TH: And what have people in Greensburg learned that’s struck you particularly?
TS: Well we live in a very red, conservative state. It’s the buckle of the Bible Belt. But we have become informed about green and see it as a universal concept. It’s really a bipartisan issue, so I believe that parties shouldn’t influence it. And green just makes sense to us, it’s really simple switches. Simple ways you can build where it will last longer, save more energy, and use fewer resources. And there’s been an incredible amount of folks helping us implement these ideas.
TH: How well do the other kids in Greensburg understand all of this?
TS: Kids have been the driving force for rebuilding. It’s practically unprecedented. They’ve actually encouraged us to come into the process of rebuilding and haven’t been shunning us like most people would. They’ve really embraced us; almost all of the youth have become involved in the rebuilding of Greensburg. We’ve been on committees with FEMA and there are around 20 students out of 100 involved on various committees and things like that.

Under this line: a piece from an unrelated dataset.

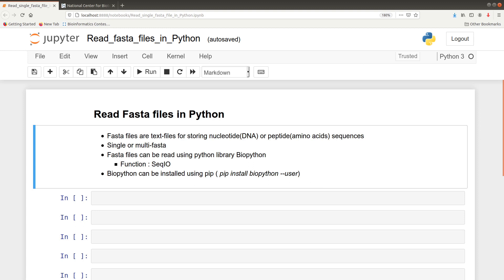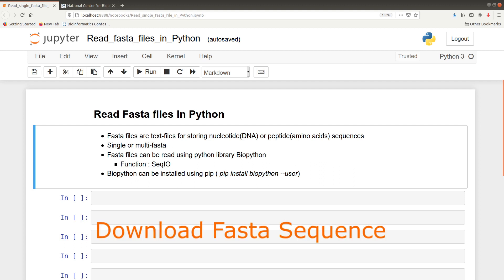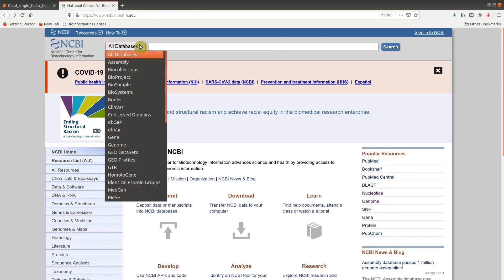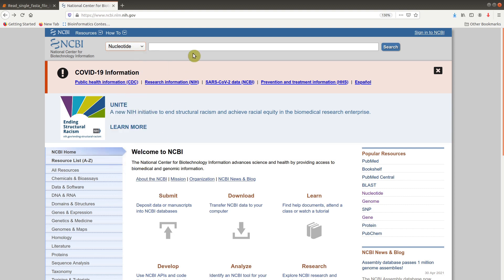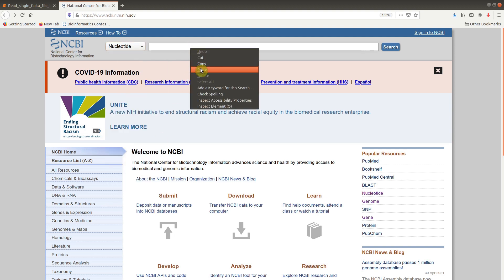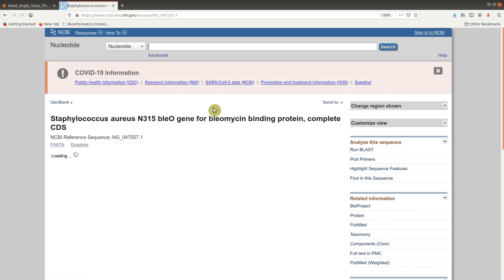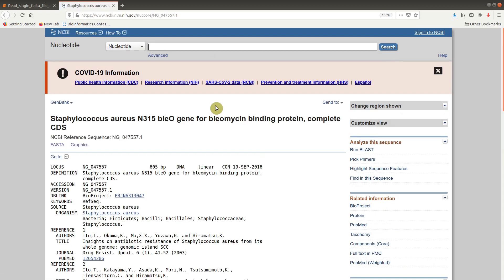We are going to begin by first downloading and reading a single FASTA file that contains a single record. So we first go to NCBI, that's the home page, and we select nucleotide. Then we will use the accession number NG_047557.1. This particular sequence is the nucleotide sequence of a gene responsible for antimicrobial resistance in certain bacteria strains or organisms.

And because of that involvement a green club has formed at Greensburg High School. Basically it’s a group of kids that want to learn more about green, what it is, how simple it is, how we can implement it in our lives. And what affect it has on our lives, finances, and the city.
It’s just so exciting; I don’t think you can find a person in the whole high school who doesn’t know about going green.
TH: How have the youth of Greensburg helped others in town understand the concept of going green?
TS: We’ve been reading about it so we can help those who don’t understand it as much in older generations; and as we learn more about things we can do ranging from emailing assignments or encouraging some people that are rebuilding to use CFL’s instead of incandescent light bulbs we’re really making a difference. The school community has really been supportive as well. The school is even going to be rebuilt to LEED platinum standards. It’s a testimony to how much impact green has on our town right now. We’ve even gone with several of our teachers up to Chicago to the national green building convention and learned about how we can rebuild school and town with green roofs for water, and other practices ranging from all sorts of simple things like using efficient lighting and efficient water usage to installing wind turbines and solar and geothermal heating. Our school is actually going to be powered by its own large wind turbine.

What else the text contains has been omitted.